• EXERCISE OBJECTIVE
Every entry below should be transcribed exactly; pictures stay out of the copy.

[Saved entries]
┄┄┄┄┄┄┄┄┄┄┄┄┄┄┄┄┄┄┄┄

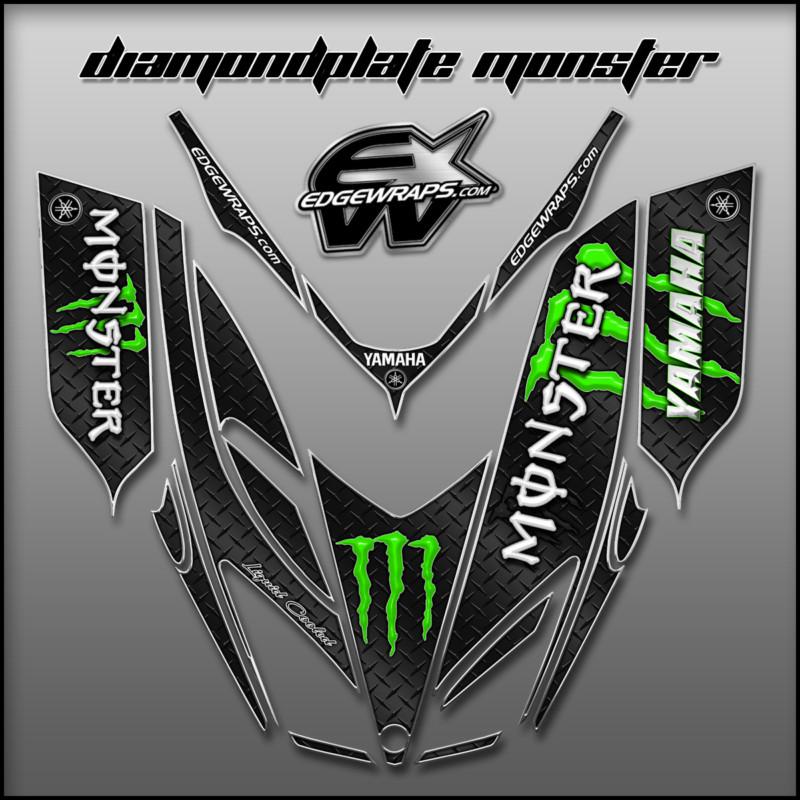 New  yamaha, viper, 700, 600,  snowmobile graphics kit - diamond plate mnstr
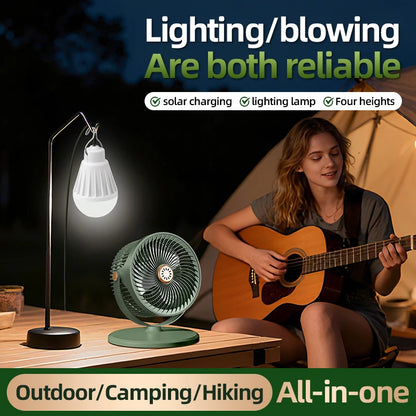 2026 New Upgrade Camping Solar Fan With 4000mAh Battery Powered Tent Camp Fan With Light 5 Speed Wind Adjustable Air Cooling Fan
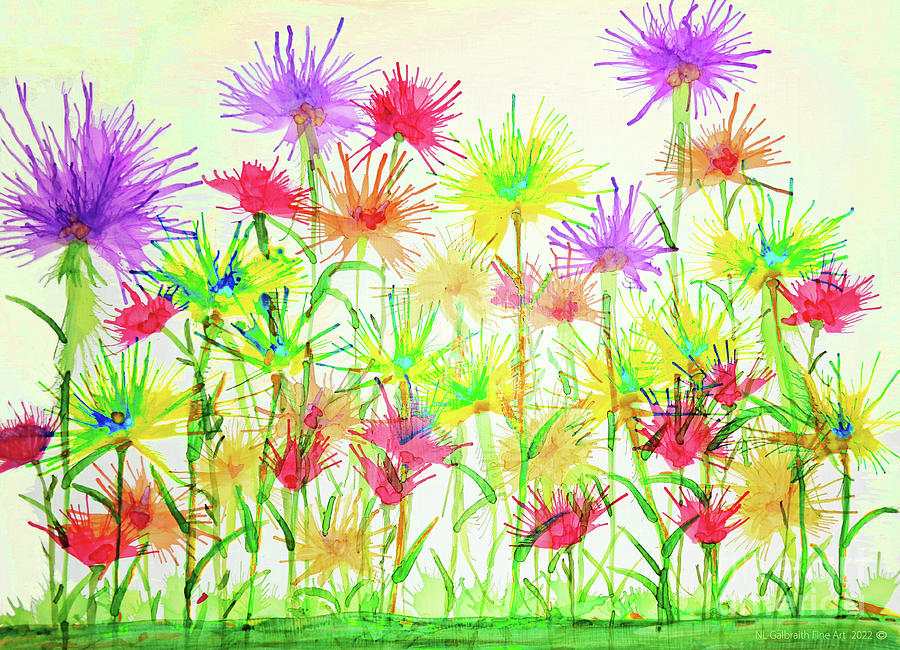 Flower Digital Art - The Flowerbed by NL Galbraith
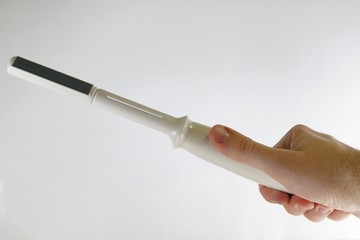 Rectal linear ultrasound probe for urology held in right hand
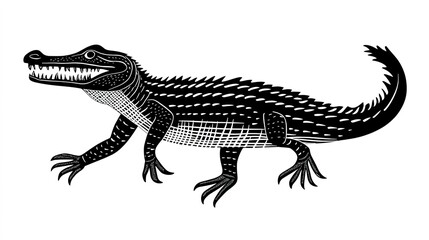 Fototapeta premium Minimalistic Black and White Illustration of a Crocodile or Alligator, Stylized Design with Elongated Body, Curved Tail, Sharp Teeth, and Textured Skin, Bold Line Art
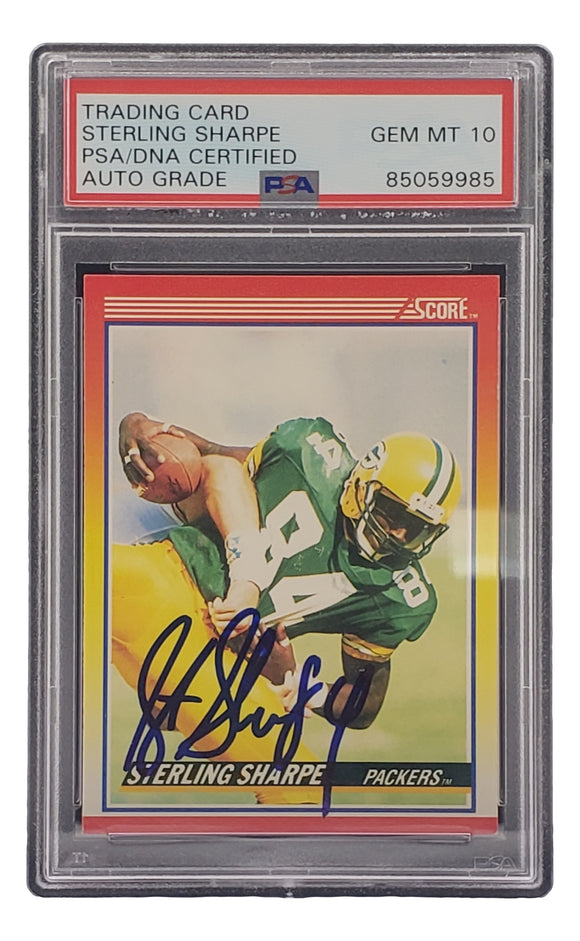 Sterling Sharpe Signed 1990 Score #245 Packers Trading Card PSA/DNA Gem MT 10 Sports Integrity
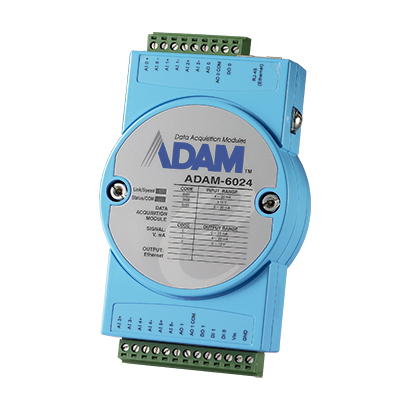 ADAM-6024 イーサネット リモート I/O 12ch 絶縁ユニバーサルI/O Modbus/TCPモジュール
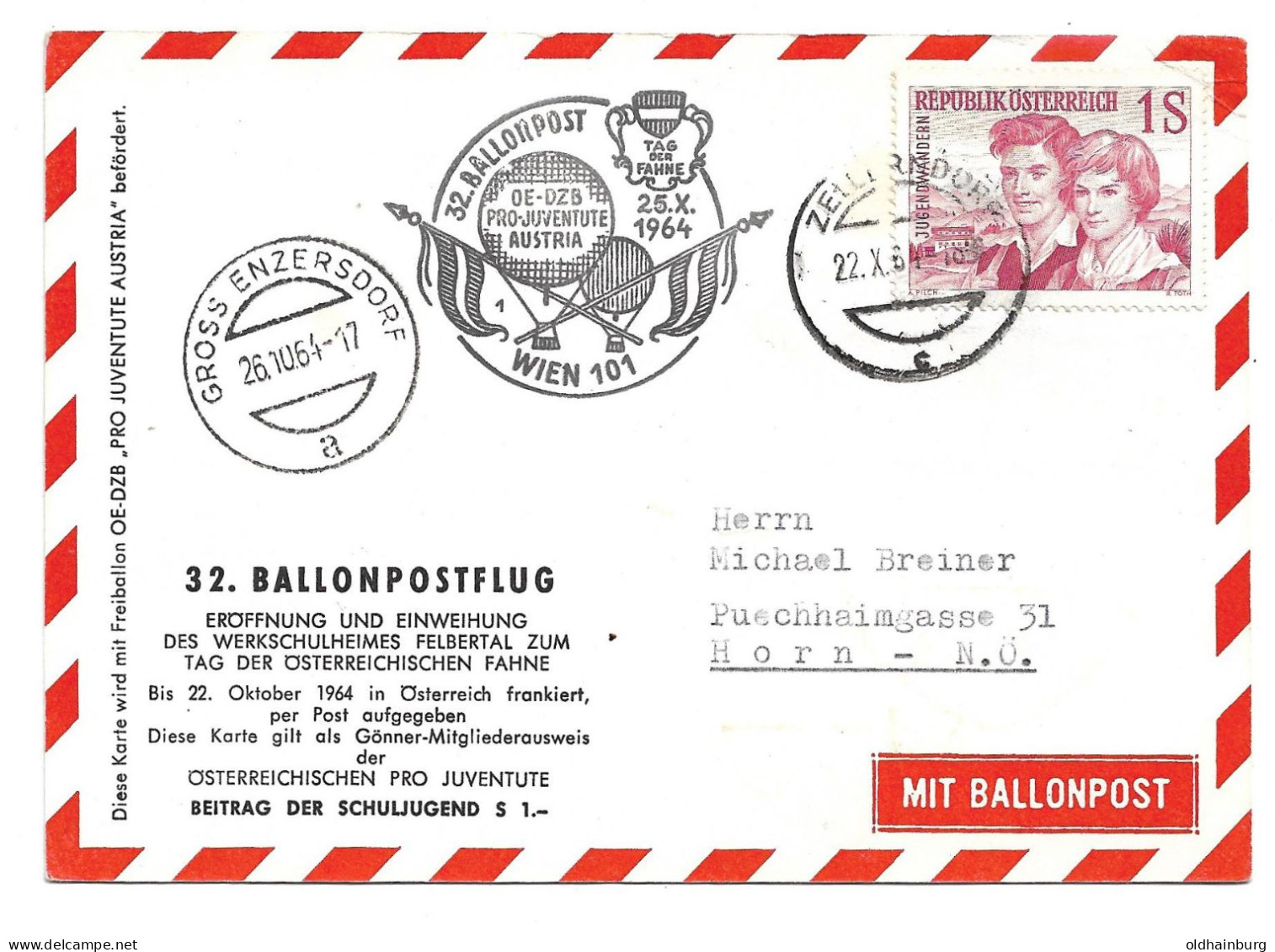 2307a: Österreich 1964, Ballonfahrt Zum Nationalfeiertag, Spruch Friedrich Schiller, Groß Enzersdorf- Zellerndorf - Hollabrunn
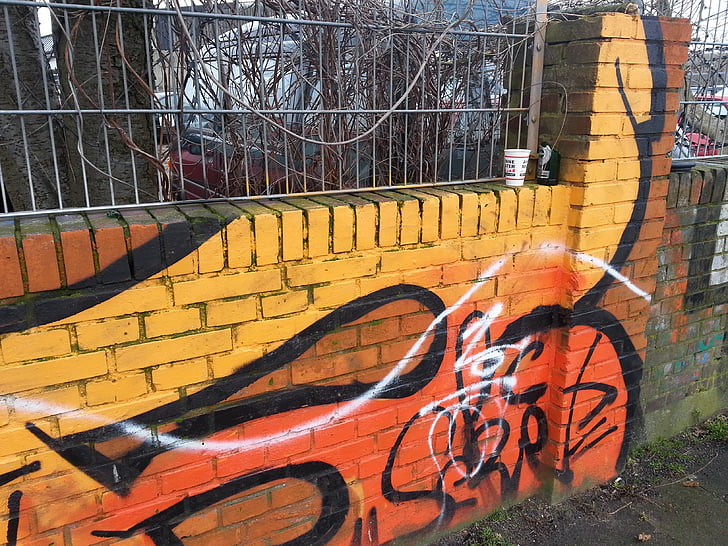 Graffiti, art de la rue, art, mur, coloré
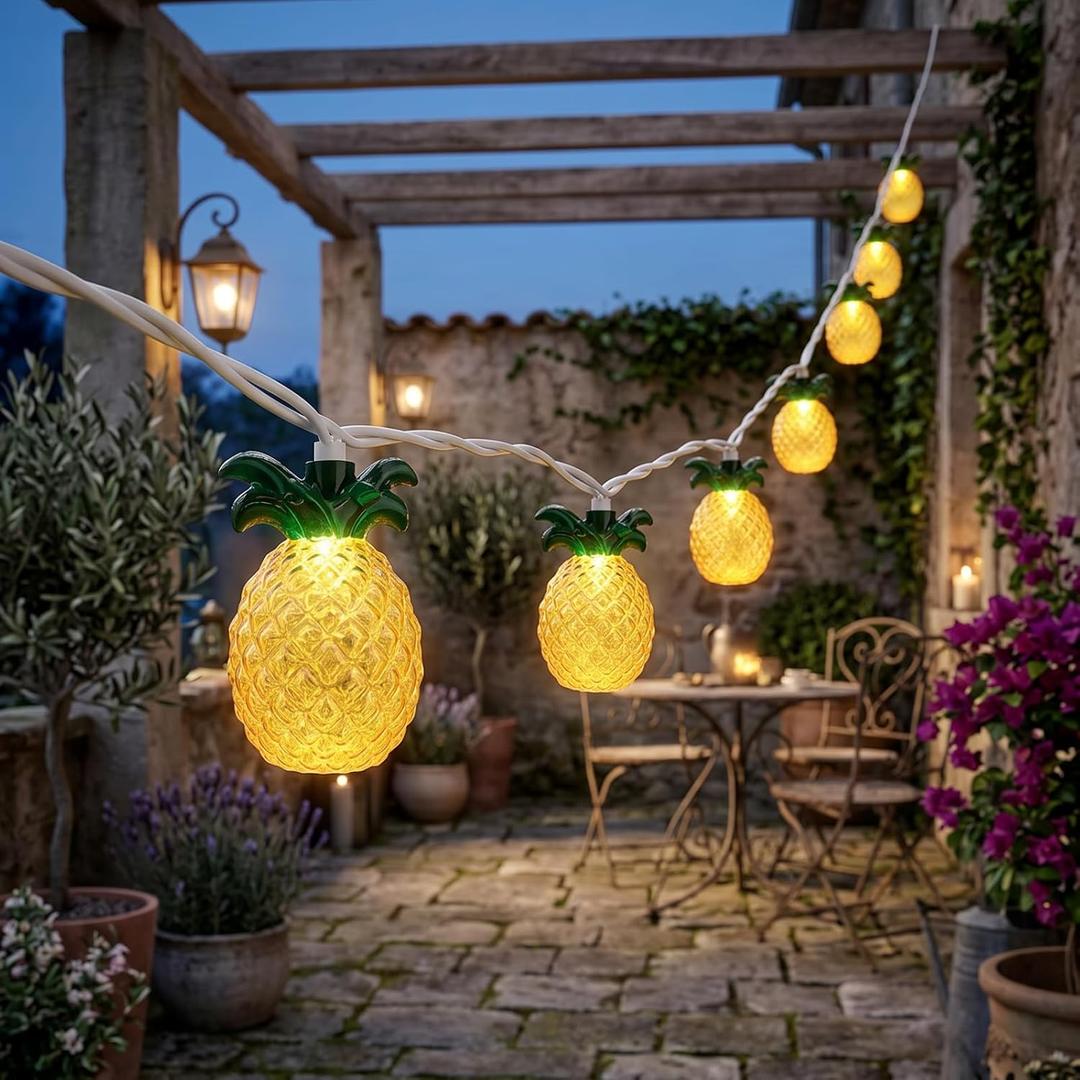 8.5Ft Tropical Summer Beach Pineapple Lights, 10L LED Pineapple String Lights Plug in for Indoor/Outdoor Home Table Porch Pergola Tiki Bar Luau Aloha Hawaiian Party Lights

┄┄┄┄┄┄┄┄┄┄┄┄┄┄┄┄┄┄┄┄

• ANSWER TO THIS EXERCISE
 New  yamaha, viper, 700, 600,  snowmobile graphics kit - diamond plate mnstr
 2026 New Upgrade Camping Solar Fan With 4000mAh Battery Powered Tent Camp Fan With Light 5 Speed Wind Adjustable Air Cooling Fan
 Flower Digital Art - The Flowerbed by NL Galbraith
 Rectal linear ultrasound probe for urology held in right hand
 Fototapeta premium Minimalistic Black and White Illustration of a Crocodile or Alligator, Stylized Design with Elongated Body, Curved Tail, Sharp Teeth, and Textured Skin, Bold Line Art
 Sterling Sharpe Signed 1990 Score #245 Packers Trading Card PSA/DNA Gem MT 10 Sports Integrity
 ADAM-6024 イーサネット リモート I/O 12ch 絶縁ユニバーサルI/O Modbus/TCPモジュール
 2307a: Österreich 1964, Ballonfahrt Zum Nationalfeiertag, Spruch Friedrich Schiller, Groß Enzersdorf- Zellerndorf - Hollabrunn
 Graffiti, art de la rue, art, mur, coloré
 8.5Ft Tropical Summer Beach Pineapple Lights, 10L LED Pineapple String Lights Plug in for Indoor/Outdoor Home Table Porch Pergola Tiki Bar Luau Aloha Hawaiian Party Lights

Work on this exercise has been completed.